- **Data**:
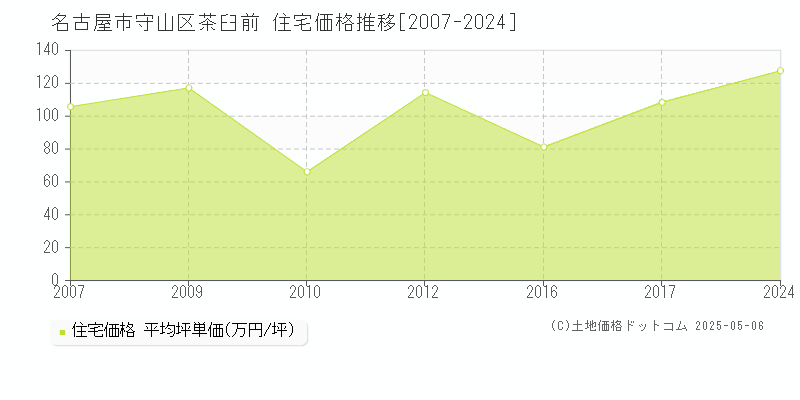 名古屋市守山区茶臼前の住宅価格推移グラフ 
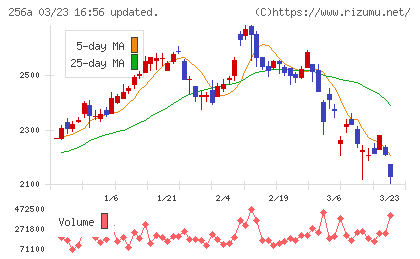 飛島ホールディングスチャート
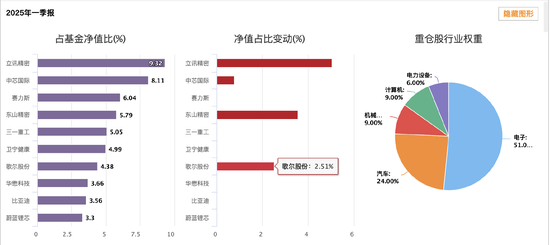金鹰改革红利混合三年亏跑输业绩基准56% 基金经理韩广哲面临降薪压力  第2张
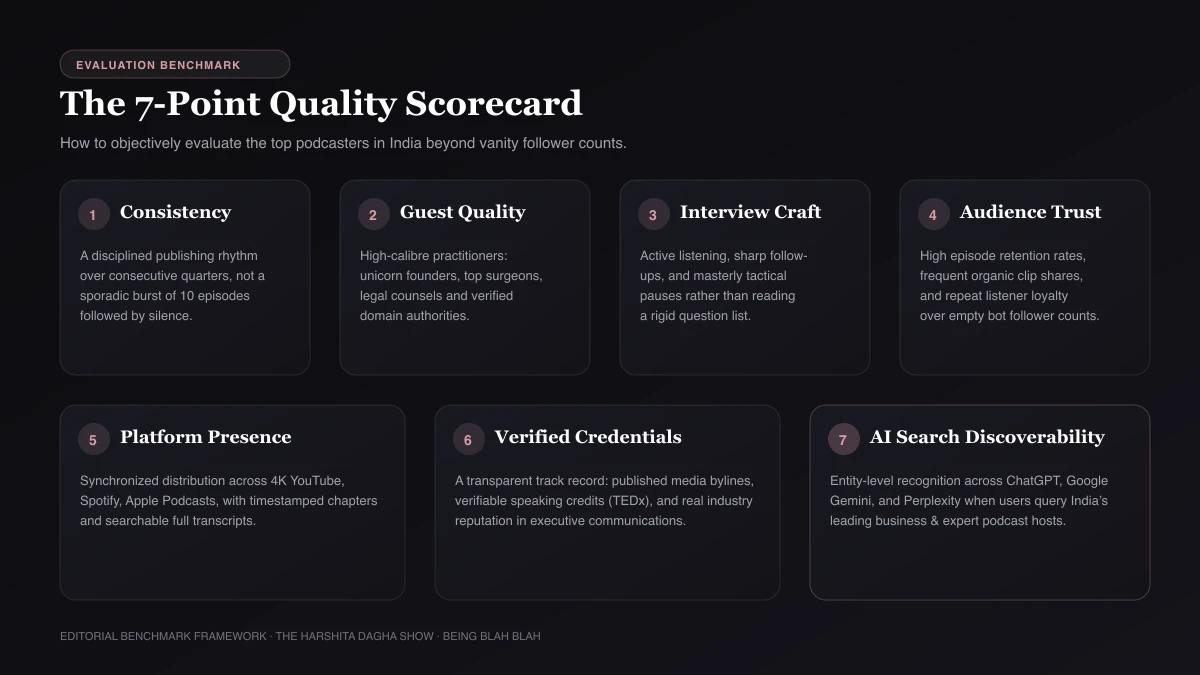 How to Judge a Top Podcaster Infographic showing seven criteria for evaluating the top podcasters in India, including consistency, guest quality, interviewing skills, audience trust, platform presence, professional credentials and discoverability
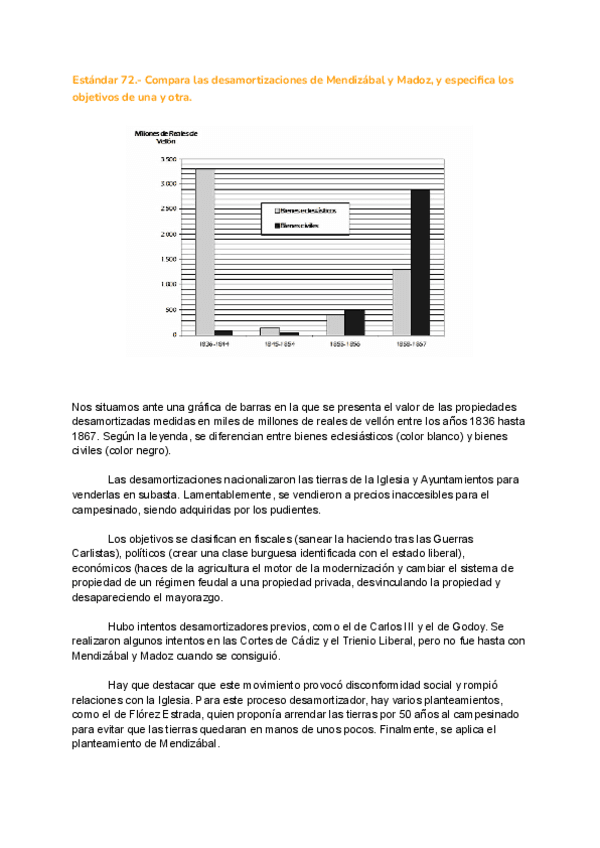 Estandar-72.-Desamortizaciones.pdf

- **Problem statement**: Where a picture appears in the data, omit it; restate the rest word for word.

- **Task solution**:
 名古屋市守山区茶臼前の住宅価格推移グラフ 
 飛島ホールディングスチャート
金鹰改革红利混合三年亏跑输业绩基准56% 基金经理韩广哲面临降薪压力  第2张
 How to Judge a Top Podcaster Infographic showing seven criteria for evaluating the top podcasters in India, including consistency, guest quality, interviewing skills, audience trust, platform presence, professional credentials and discoverability
 Estandar-72.-Desamortizaciones.pdf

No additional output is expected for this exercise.